Jamie Hamilton
- Born: James Garth Hamilton 1 July 1970 (age 56) Guildford, England
- Height: 1.74 m (5 ft 9 in)
- Weight: 80 kg (176 lb)

Rugby union career
- Position: Scrum half

Amateur team(s)
- Years: Team / Apps / (Points)
- 1986–1990: Lincoln

Senior career
- Years: Team / Apps / (Points)
- 1990–2003: Leicester Tigers / 184 / (118)
- Correct as of July 2016

International career
- Years: Team / Apps / (Points)
- England Sevens

National sevens team
- Years: Team /  / Comps
- 2001: England 7s /  / Hong Kong and Shanghai

= Jamie Hamilton (rugby union) =

English rugby union player

James Garth Hamilton (born 1 July 1970) was a professional rugby union scrum half who played for Leicester Tigers from 1990 to 2003. During this time, he featured in two Heineken Cup finals in 2001 and 2002 as well as two Pilkington Cup finals at Twickenham.

Hamilton played 184 games for Leicester where he played in five Premiership title winning campaigns.

Hamilton made his Tigers debut against Nuneaton on 29 December 1990 and ended his playing career with Nuneaton in 2004.

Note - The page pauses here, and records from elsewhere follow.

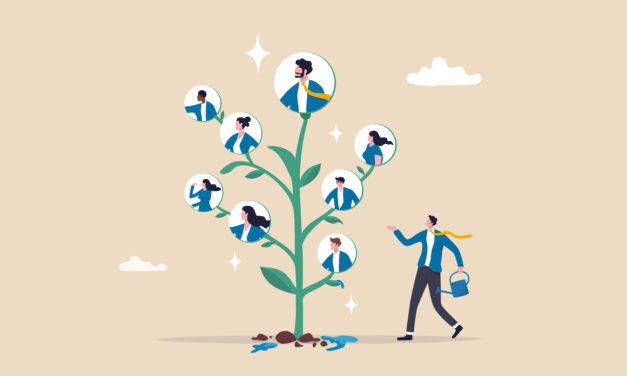 New leader wants to create buy-in for new initiatives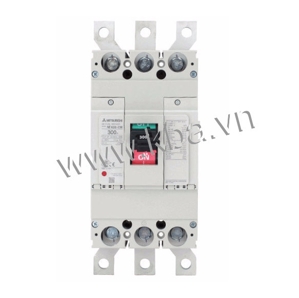 Cầu dao MCCB Mitsubishi NF400-CW - 300A 36kA 3P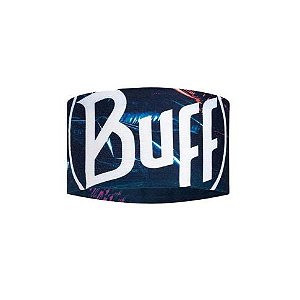 Faixa de Cabeça Buff - Headband Coolnet UV Wide XCross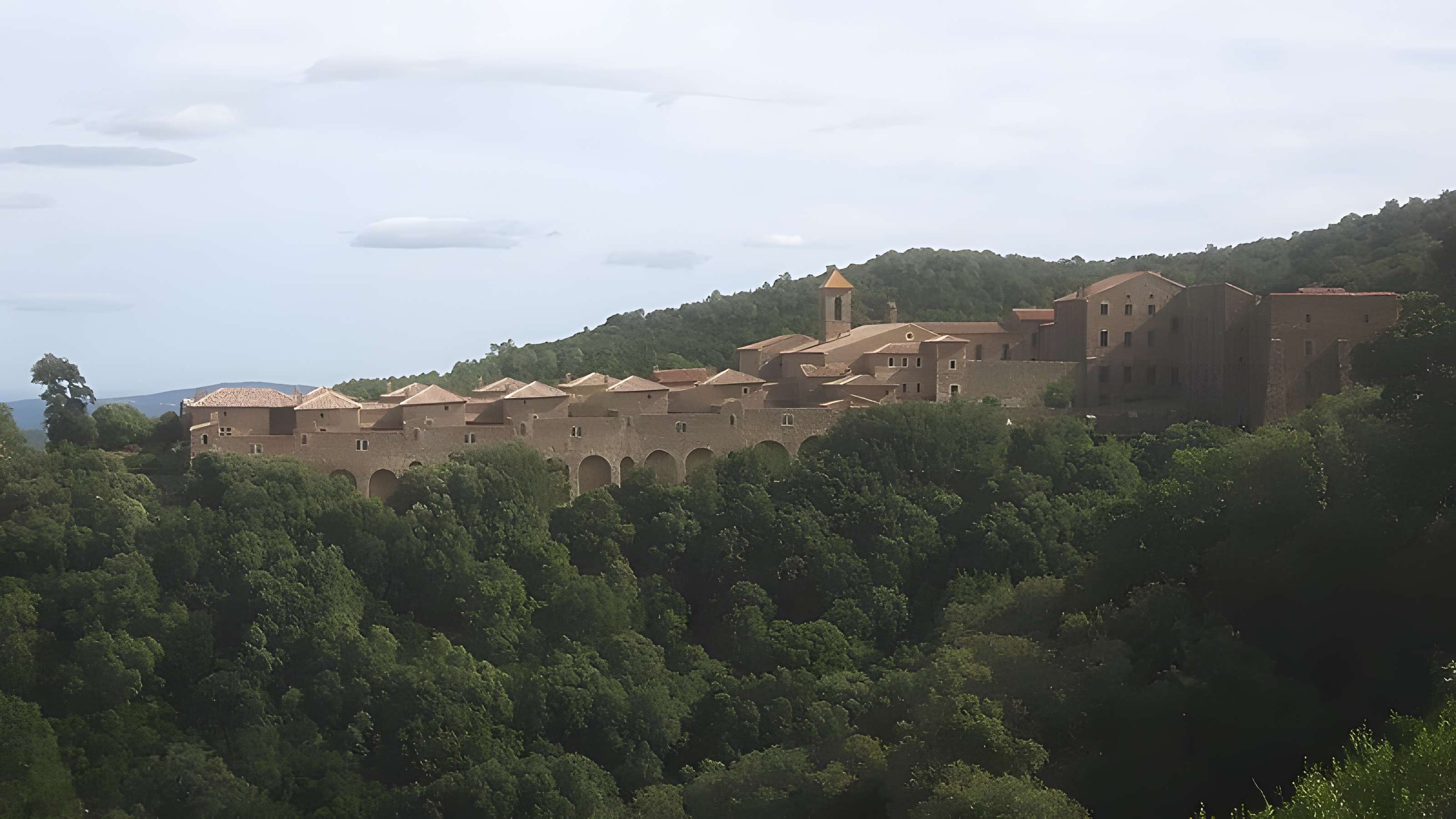 Chartreuse de la Verne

He was also a keen Sevens player and represented England national rugby sevens team at Hong Kong and during the 2001 World Series.

In 2008, he moved to New Zealand to take up a position as a Performance Analyst with the Crusaders in Super Rugby.
It was during this time that he worked with the Māori All Blacks travelling to the UK in 2012, USA and Canada in 2013 and Japan in 2014.

In 2015, he left the Crusaders to become the All Blacks Performance Analyst.